I cannot say that Korea's situation is any better than this. Since 2008, there have been fierce conflicts between the government and the historical community over the education minister's instructions to revise the textbooks on Korean modern/contemporary history, the revision of the history education curriculum and the textbook writing standards, and the approval of high school textbooks on Korean history. When there are internal conflicts over the history textbooks, with either side calling the other 'left-wing' or 'pro-Japan and praisers of dictatorship,' it is not easy to secure a drive that will propel the publication of common textbooks on Northeast Asian history.
The Common History Textbooks Should Seek Reconciliation and Peace on the Basis of Reflection on the Past
If the common history textbooks are to be written, the writing of them should be in the direction of seeking reconciliation and peace in the future on the basis of serious reflection on the past. But facing and reflecting on the past is much more painful than one might think, not only for individuals but for nations, and it takes courage to do so. The common textbooks of Germany and France are often mentioned as an example, but it should be duly noted that they were written on the basis of Germany's heartfelt apology and remorse. In Northeast Asia, recently, however, history education is taking a direction toward emphasizing and encouraging pride and patriotism instead of reflection. Given that this direction is kept the same, I am afraid that to expect the common history textbooks to be published will be like to seek a fish from a tree.

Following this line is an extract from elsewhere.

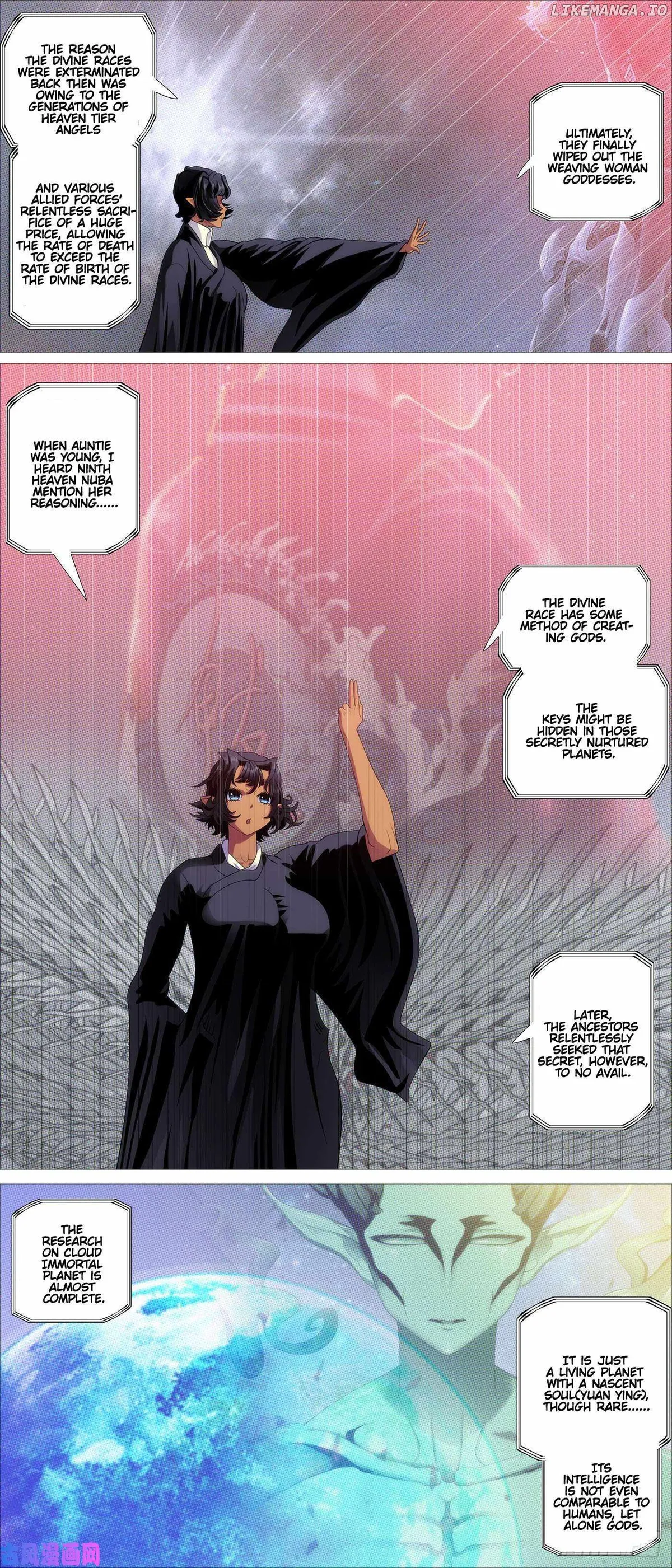 Iron Ladies Chapter 527 Online - página 9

I advise that historical dialogue and the writing of the guidelines through it should be undertaken by non-governmental rather than governmental entities. Of course, the governments have run the Korea-Japan Joint History Research Committee and the Japan-China Joint History Research Committee, and reached consensus on some issues like Mimana Nihonfu. Resuming joint research will be a good idea because joint research is one of the effective ways to review and coordinate historical perceptions at government levels. On the other hand, inter-governmental dialogue is likely to depend on the government's disposition, and the participants in inter-governmental dialogue, while taking responsibility as representatives of their nation, are likely to lose independence and autonomy. A number of private organizations, scholars, and school teachers have been engaged in historical dialogue between Korea and Japan for a long time, which resulted in the joint publication of many kinds of books. In a rare case, the three nations of Korea, China, and Japan have published common textbooks. Scholars of the three nations are still carrying on historical dialogue and attempting to create guidelines. There is trust built among them that makes dialogue possible. I advise the government to carry on historical dialogue while lending support to dialogue at non-governmental levels to encourage scholars to prepare guidelines that draw on their experiences and make full use of their assets.